EL HUEVO DEL BASILISCO
1
Pasa el tiempo y con más arrugas y menos dientes mastican en silencio los criados bajo los altos techos de las cocinas del castillo Gottorp. Hunden los pies en el humo de un barreño y, en sus pláticas, más gruñidas que habladas, los matices del color blanco se nombran de cinco modos. El mismo blanco que sólo es monotonía para Martino da Vila, quien observa, dibuja, y luego muestra un retrato idealizado a las cocineras que baten manteca y despluman perdices. Así gana una ración de estofado y la noticia inédita, importante: ayer, un hojalatero se cayó por el puente que lleva al castillo.

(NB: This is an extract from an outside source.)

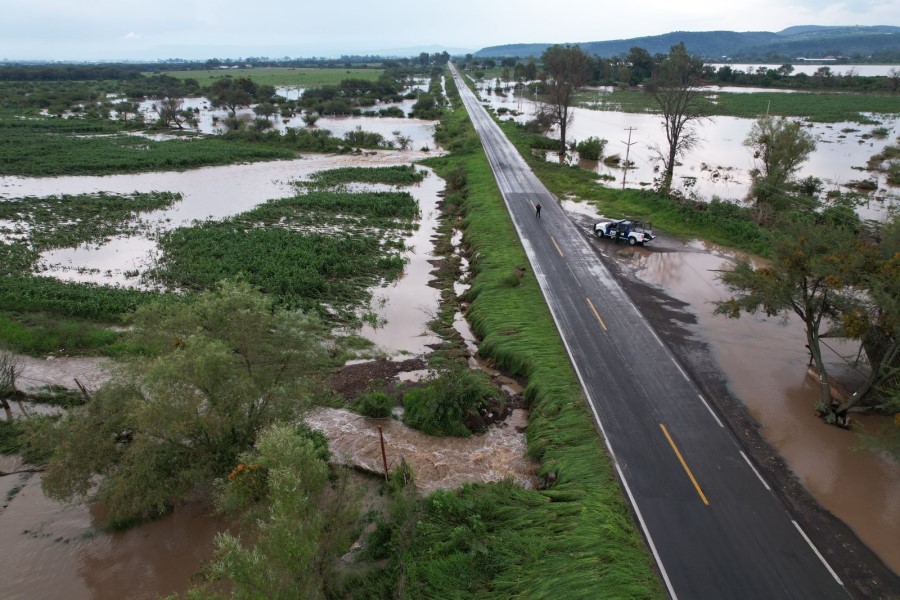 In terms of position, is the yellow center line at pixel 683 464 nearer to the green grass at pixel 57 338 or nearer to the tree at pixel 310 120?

Van a cumplirse cuatro años desde la noche en que azotaran al señor de Welldone en los parterres de Louisenlund. Desde aquella infame jornada, no se ha reclamado a Martín en los salones; nadie muestra interés por sus dotes más allá del celo en sus labores de preceptor. Esa circunstancia, para un carácter que a veces se cree honorable, y otras se sabe resignado, ha sido, al fin, más alivio que inconveniente. Y cuando se ha puesto a desmigar en algún rato perdido la amargura que le ocasiona el olvido de los señores y la falta de oportunidades, esa acidia de las ideas se vuelve compasión por uno mismo. Así ha ido velando lápices como si fuesen espadas, frascos de tinta como cotas de malla, el grabado amarillento y manchado de humedad del Campo Vaccino como escudo transfigurado de la muy antigua y muy ilustre casa de los Viloalle.

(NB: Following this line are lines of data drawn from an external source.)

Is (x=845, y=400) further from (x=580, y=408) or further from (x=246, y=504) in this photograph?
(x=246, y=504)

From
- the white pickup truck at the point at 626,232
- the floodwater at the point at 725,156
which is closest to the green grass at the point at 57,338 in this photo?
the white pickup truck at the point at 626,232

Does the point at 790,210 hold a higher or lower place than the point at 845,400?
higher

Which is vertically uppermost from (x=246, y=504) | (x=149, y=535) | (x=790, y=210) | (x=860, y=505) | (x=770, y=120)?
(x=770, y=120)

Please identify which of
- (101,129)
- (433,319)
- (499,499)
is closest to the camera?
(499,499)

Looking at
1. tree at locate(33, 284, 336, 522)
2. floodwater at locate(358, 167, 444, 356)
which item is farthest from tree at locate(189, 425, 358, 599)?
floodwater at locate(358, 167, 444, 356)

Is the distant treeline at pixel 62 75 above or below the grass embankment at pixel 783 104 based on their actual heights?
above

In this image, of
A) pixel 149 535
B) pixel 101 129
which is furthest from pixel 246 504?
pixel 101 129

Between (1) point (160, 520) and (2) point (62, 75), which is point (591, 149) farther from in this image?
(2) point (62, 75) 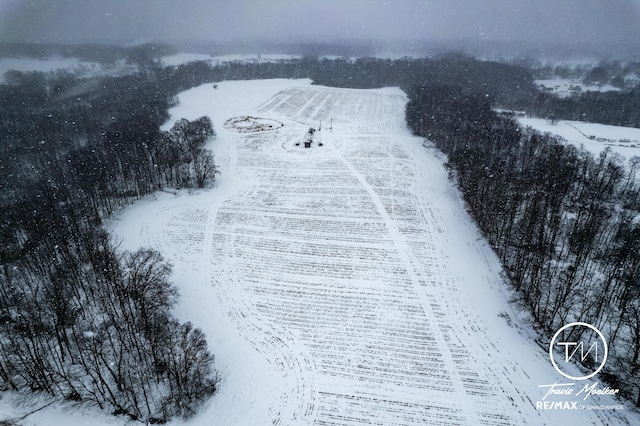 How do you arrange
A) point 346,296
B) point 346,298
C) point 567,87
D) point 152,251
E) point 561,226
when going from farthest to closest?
point 567,87 → point 561,226 → point 152,251 → point 346,296 → point 346,298

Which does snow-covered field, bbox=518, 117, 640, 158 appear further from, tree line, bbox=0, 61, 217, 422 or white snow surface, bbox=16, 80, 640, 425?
tree line, bbox=0, 61, 217, 422

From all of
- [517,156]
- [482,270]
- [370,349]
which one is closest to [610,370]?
[482,270]

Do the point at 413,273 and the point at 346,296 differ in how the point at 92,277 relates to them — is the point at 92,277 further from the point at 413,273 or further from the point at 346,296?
the point at 413,273

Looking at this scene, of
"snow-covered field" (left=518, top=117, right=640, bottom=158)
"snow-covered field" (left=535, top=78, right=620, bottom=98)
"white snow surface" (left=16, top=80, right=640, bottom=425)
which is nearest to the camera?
"white snow surface" (left=16, top=80, right=640, bottom=425)

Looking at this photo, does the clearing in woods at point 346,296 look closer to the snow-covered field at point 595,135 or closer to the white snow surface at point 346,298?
the white snow surface at point 346,298

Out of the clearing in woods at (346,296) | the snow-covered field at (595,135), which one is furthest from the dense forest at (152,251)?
the snow-covered field at (595,135)

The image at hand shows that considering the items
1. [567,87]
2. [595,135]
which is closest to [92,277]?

En aquella cocina, hace sus tres comidas y mata las horas el profesor Da Vila; oye voces nuevas en aquel oscuro alemán y, al comprenderlas, asimila la satisfacción de aquellos servidores de tez rubicunda y rudo aliento, minúsculos cortesanos, según se consideran, cuyos padres o abuelos huyeron de la atónita mirada del mulo y del arado partido en suelo rocoso. Algunas noches, en combate fatiga y curiosidad, desde el ujier hasta el mamporrero imitan las veladas en el salón de la princesa Luisa con el orgullo de quien ha observado mucho a los señores, sabe cómo se mueven, casi adivina qué piensan, y la menor sonrisa de esos señores basta para iluminarles el día. Martín de Viloalle lee en voz alta la gaceta de Brunswick, o les traduce la más jugosa de Leyden, cuyos números atrasados le consigue Dieter, un secretario del canciller. Por orden de antigüedad en el servicio, mozos de cuadra y jardineros, costureras y lavanderas, el profesor de música y el adiestrador de caballos, se acomodan en torno a las mesas. Domésticos efluvios de grasa y jabón impregnan y espesan cacerolas y camisas.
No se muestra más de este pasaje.